Actually, for excitement, the World Series was not in the same class with the regular season for Sherry. "The Series," he says, "was kind of anti-climactic. When I came up last summer, it seemed like every pitch meant a ball game, maybe the pennant. I was awfully tense. I was wondering if I was going to be able to get anybody out. But then I got a few guys on bad pitches and I told myself, 'Hey, this isn't so bad.' So then I got a few out on good pitches and after that I was all right. I could quit shaking and start to think about pitching. Still, it was pretty tough. I remember two days in a row, in the Coliseum, I had to go into the game with the bases loaded and Henry Aaron at bat. You can't get into a tougher situation than that.

"So when we got in the Series and had seven whole games to fool around with, it seemed like a picnic. Oh, I guess there was plenty of excitement, but maybe a lot of it was over my head. I didn't really realize what was going on like some of the older guys who have been around. It just seemed like a lot of fun to me. Of course, I had a lot of luck. Lollar being thrown out at the plate in that second game and that double-play ball in the third; it was really hit. If I had it all to do over again, I'd probably be scared."
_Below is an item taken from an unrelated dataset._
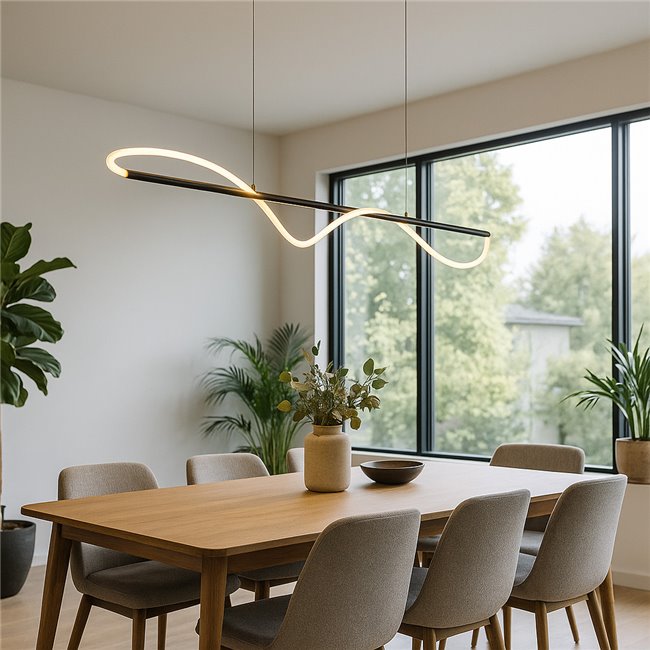 Pendant lamp Modena 9, black, H13-130x150cm, LED 30W, 3000K, 1650lm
Sherry's big pitch was the slider. "I had a pretty good fast ball and a big overhand curve, but I had trouble with my control. So in the winter of '58, down in Venezuela, I went to work on the slider. Nobody taught me. My brother Norm was catching me and he worked with me, but nobody really showed me how to throw it. I just learned by myself. I throw it real hard, just like I was throwing a fast ball. I can throw it right at the batter and it will break over the outside corner. It doesn't drop, it just breaks across. The main thing is, I can always get it over the plate."

This spring, if Sherry has had any trouble, it is because of his weight. "They've been giving me a rough time," he grinned, "but I think I'm all right. I went up to about 210—well, really it was closer to 215—during the winter. It wasn't the mashed potatoes so much; I made a lot of radio and TV appearances but only about 20 banquets, and I remembered what happened to Turley last year, so I didn't eat much. Actually, I didn't have much time to eat; I was too nervous worrying about having to make a speech. Eventually, after I got to where I could hang on to a mike for five minutes and tell a few jokes, it wasn't so bad and then maybe I did eat. Anyway, I worked out in L.A. three weeks before coming down here and I got down to 208. Now I'm at 200, and I think that's all right."


"You know, the real trouble is that this is the first year I've had my family down for spring training. Before, I was always trying so hard to make the ball club, I didn't have time for that. But this year I'll lose four or five pounds during a workout, then go home and Sally has fixed a big dinner and the five pounds are back on again.

"If anybody thinks I'm overconfident, though, that I'll let myself get too heavy and lose what I've got, they're crazy. Being up here is too important. Last June I was living in a little rented house in St. Paul. Today I'm about to buy a nice home in L.A. A real fine company, Eagle Clothes in Brooklyn, gave me a good off-season job and I went all over the country, making speeches for them and modeling. They gave me a complete wardrobe.

"People know me now. Back home in L.A., when I take my family out for dinner, people come up to me in the restaurant and ask how I'm doing and what about the Dodgers. And listen. I got into a cab in New York and the cabbie looked at me and said, 'Hey, ain't you that kid that was in the Series?' That's pretty good, having someone recognize you in New York."